We always have the ability to choose our own paths and to navigate our own footsteps but the ability to choose doesn't negate the nature that drives us. If we choose paths contrary to the nature that's been woven into our beings a ferocious battle ensues (this is where I get my little monster) and usually nature wins, I mean it's only natural. The connections in our brains that tell our bodies something should be a very particular way usually reign supreme. It's very difficult to convince the body of something opposite to what it knows to be truth/ natural.
When someone who's always been angry (who's life has been surrounded and consumed with anger) decides he no longer wishes to be so he must war with himself. When someone with strong addictive habit's (who's virtually never known otherwise) chooses to rebel against the drive to consume she must war with herself. When someone who views the world with an all prevailing melancholy (who's eye's only notice what's familiar, what's comfortable, what's dark) chooses to see beauty and light he or she must war with themselves.
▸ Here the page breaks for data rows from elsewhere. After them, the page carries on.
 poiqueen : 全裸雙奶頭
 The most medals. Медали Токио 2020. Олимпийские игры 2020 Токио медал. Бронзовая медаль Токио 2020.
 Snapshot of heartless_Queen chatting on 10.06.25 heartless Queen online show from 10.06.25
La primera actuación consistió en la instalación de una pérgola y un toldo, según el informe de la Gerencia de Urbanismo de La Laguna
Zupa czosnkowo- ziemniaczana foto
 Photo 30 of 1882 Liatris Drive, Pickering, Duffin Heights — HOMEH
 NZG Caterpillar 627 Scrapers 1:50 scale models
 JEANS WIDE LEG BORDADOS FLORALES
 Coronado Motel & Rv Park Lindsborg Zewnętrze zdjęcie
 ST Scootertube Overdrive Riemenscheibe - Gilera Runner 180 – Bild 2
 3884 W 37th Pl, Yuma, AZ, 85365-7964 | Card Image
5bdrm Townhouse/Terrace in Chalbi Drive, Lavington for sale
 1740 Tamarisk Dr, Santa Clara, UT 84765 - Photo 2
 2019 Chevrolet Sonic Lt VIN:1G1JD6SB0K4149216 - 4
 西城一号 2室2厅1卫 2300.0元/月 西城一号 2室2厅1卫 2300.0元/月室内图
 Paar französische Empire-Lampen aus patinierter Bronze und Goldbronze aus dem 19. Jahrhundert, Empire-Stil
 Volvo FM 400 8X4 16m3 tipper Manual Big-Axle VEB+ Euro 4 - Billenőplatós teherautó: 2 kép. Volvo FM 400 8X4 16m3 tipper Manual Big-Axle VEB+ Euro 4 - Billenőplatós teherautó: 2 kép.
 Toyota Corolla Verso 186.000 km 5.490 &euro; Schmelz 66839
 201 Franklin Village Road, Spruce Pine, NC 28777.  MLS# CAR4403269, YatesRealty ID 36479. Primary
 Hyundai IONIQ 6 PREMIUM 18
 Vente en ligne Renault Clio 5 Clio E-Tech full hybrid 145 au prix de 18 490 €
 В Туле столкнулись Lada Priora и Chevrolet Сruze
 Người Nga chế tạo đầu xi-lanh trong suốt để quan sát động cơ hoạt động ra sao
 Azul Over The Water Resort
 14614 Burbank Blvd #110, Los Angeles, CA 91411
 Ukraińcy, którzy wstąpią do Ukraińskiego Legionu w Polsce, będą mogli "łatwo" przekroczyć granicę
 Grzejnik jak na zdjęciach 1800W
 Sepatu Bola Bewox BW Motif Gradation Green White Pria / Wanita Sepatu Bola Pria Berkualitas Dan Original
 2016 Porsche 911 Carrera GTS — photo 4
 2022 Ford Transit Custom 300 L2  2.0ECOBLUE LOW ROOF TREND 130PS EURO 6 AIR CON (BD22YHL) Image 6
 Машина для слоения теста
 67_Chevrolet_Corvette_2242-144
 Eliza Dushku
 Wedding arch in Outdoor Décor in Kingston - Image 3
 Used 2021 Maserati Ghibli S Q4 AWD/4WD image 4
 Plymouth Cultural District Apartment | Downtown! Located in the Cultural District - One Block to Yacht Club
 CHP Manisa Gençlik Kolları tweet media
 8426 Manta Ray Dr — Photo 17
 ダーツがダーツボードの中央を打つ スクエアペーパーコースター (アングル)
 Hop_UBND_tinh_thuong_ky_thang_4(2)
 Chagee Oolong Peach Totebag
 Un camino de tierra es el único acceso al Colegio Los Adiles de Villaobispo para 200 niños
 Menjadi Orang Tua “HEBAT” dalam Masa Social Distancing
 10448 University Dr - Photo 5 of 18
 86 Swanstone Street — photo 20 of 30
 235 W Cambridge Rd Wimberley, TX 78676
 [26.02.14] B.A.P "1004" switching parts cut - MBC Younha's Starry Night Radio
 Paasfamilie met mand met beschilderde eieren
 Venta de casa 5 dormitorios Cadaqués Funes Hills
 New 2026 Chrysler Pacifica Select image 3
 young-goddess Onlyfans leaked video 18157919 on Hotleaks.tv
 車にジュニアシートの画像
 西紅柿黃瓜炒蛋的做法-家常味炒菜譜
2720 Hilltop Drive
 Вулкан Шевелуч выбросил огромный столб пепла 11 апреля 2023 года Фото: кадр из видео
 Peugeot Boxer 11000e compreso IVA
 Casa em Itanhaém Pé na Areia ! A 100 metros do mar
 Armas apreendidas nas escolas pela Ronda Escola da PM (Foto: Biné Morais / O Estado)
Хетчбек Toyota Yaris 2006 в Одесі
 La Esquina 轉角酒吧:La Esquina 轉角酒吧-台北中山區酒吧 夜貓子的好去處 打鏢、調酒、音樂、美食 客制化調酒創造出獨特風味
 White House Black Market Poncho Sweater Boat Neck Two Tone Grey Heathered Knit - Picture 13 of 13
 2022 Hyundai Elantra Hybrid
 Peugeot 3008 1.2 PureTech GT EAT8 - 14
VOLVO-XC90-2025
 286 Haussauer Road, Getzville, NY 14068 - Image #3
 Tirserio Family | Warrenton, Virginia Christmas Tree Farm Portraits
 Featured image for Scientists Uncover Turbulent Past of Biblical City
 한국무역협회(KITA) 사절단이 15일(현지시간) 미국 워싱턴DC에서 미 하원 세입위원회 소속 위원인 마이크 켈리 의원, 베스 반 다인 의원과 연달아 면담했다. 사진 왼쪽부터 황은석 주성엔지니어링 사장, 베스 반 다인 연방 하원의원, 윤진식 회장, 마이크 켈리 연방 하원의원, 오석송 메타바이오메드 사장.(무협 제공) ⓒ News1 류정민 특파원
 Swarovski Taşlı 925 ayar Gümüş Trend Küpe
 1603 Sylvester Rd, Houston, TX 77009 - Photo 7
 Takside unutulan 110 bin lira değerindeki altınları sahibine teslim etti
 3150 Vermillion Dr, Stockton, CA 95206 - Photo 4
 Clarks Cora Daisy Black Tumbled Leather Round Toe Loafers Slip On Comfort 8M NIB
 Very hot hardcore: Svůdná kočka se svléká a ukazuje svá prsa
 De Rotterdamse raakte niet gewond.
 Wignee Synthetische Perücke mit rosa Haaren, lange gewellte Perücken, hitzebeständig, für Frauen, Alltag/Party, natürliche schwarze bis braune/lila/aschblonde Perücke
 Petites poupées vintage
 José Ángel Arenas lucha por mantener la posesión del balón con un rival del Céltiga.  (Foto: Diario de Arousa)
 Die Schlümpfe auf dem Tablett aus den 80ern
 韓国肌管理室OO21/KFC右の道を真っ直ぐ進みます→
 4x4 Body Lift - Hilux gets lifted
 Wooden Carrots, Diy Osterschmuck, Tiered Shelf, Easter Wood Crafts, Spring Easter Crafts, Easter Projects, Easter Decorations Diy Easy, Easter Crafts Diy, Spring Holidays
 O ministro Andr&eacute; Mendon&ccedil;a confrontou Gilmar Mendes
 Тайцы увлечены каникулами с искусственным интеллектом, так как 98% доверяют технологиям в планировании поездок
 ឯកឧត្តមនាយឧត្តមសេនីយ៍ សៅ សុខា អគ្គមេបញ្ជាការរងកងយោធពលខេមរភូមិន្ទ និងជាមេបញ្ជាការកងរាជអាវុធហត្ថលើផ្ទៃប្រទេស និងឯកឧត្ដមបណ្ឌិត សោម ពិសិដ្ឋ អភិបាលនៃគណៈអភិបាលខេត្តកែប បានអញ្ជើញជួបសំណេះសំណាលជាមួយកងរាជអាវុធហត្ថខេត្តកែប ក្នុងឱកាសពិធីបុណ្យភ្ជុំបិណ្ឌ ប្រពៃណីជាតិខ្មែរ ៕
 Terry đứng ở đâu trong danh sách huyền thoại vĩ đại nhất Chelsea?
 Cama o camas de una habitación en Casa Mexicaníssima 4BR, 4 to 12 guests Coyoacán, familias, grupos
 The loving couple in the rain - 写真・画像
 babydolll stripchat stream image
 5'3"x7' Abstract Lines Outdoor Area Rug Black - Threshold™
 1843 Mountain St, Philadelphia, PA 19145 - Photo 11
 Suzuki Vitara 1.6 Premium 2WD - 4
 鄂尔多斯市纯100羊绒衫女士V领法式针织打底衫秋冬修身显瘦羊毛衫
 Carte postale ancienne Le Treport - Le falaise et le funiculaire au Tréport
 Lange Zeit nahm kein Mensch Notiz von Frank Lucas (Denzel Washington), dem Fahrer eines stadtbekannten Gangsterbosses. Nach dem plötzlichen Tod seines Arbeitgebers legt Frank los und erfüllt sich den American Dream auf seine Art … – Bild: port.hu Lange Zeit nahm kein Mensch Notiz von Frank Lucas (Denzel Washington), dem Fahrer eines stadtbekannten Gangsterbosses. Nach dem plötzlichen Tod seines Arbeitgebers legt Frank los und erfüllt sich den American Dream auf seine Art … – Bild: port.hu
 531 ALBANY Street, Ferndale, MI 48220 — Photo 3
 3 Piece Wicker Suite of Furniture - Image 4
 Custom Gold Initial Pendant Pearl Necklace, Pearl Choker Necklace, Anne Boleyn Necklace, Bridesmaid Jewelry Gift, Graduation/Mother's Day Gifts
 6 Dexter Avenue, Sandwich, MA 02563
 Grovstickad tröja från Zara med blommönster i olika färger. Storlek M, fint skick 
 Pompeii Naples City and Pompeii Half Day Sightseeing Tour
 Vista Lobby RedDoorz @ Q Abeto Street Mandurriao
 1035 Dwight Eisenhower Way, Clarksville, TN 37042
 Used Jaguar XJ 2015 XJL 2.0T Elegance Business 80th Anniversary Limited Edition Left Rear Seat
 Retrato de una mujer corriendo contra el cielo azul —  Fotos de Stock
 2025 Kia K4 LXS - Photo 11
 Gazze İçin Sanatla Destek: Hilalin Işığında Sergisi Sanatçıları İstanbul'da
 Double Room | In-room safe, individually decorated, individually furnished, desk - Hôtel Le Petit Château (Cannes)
Each of us is the result of billions of experiences and impressions. We have the ability to choose our own paths but I believe that before any of us can do that we need to be able to recognize the march to the watering hole; we need to be able to realize that SO many of the things about ourselves that we identify as ourselves are just consequences of our experiences. Those things, those habits, those viewpoints aren't necessarily you in the sense that you think they are.
Who are you?
The vessel that he made of clay was marred in the hand of the potter; so he made it again into another vessel, as it seemed good to the potter to make. Jer. 18:4
I think the question surrounding each of our lives is, "am I willing to acknowledge that this vessel is marred by wear and tear, by life's messiness and by my ignorant attempts to fashion myself (even though I am not the potter but am only just the clay)?"